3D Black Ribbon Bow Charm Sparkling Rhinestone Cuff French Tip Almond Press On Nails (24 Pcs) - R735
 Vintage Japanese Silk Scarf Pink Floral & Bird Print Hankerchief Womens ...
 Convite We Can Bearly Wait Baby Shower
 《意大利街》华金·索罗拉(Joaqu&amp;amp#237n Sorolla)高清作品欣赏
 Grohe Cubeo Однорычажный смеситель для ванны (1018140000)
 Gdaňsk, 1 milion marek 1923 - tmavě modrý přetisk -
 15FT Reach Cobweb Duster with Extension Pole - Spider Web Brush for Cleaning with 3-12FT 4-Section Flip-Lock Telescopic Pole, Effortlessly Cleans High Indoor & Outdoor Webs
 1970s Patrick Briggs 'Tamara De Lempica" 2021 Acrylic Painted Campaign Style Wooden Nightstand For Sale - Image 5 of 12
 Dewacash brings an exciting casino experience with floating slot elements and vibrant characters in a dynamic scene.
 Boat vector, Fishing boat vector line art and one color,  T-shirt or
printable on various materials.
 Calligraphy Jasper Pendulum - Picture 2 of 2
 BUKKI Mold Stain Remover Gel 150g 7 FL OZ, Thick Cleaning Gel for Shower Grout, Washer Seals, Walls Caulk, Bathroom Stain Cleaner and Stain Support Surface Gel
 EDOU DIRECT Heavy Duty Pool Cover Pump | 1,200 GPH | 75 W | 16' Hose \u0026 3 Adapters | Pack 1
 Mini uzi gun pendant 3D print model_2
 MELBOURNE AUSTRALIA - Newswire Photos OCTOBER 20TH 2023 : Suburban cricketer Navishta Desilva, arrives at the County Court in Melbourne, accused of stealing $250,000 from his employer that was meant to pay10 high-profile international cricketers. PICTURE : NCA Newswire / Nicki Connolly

**********

* [Work order]
For this exercise, please retype exactly the lines in the listing from the line with "Convite We Can Bearly Wait Baby Shower" through its last line, both ends included.

* [Your response]
 Convite We Can Bearly Wait Baby Shower
 《意大利街》华金·索罗拉(Joaqu&amp;amp#237n Sorolla)高清作品欣赏
 Grohe Cubeo Однорычажный смеситель для ванны (1018140000)
 Gdaňsk, 1 milion marek 1923 - tmavě modrý přetisk -
 15FT Reach Cobweb Duster with Extension Pole - Spider Web Brush for Cleaning with 3-12FT 4-Section Flip-Lock Telescopic Pole, Effortlessly Cleans High Indoor & Outdoor Webs
 1970s Patrick Briggs 'Tamara De Lempica" 2021 Acrylic Painted Campaign Style Wooden Nightstand For Sale - Image 5 of 12
 Dewacash brings an exciting casino experience with floating slot elements and vibrant characters in a dynamic scene.
 Boat vector, Fishing boat vector line art and one color,  T-shirt or
printable on various materials.
 Calligraphy Jasper Pendulum - Picture 2 of 2
 BUKKI Mold Stain Remover Gel 150g 7 FL OZ, Thick Cleaning Gel for Shower Grout, Washer Seals, Walls Caulk, Bathroom Stain Cleaner and Stain Support Surface Gel
 EDOU DIRECT Heavy Duty Pool Cover Pump | 1,200 GPH | 75 W | 16' Hose \u0026 3 Adapters | Pack 1
 Mini uzi gun pendant 3D print model_2
 MELBOURNE AUSTRALIA - Newswire Photos OCTOBER 20TH 2023 : Suburban cricketer Navishta Desilva, arrives at the County Court in Melbourne, accused of stealing $250,000 from his employer that was meant to pay10 high-profile international cricketers. PICTURE : NCA Newswire / Nicki Connolly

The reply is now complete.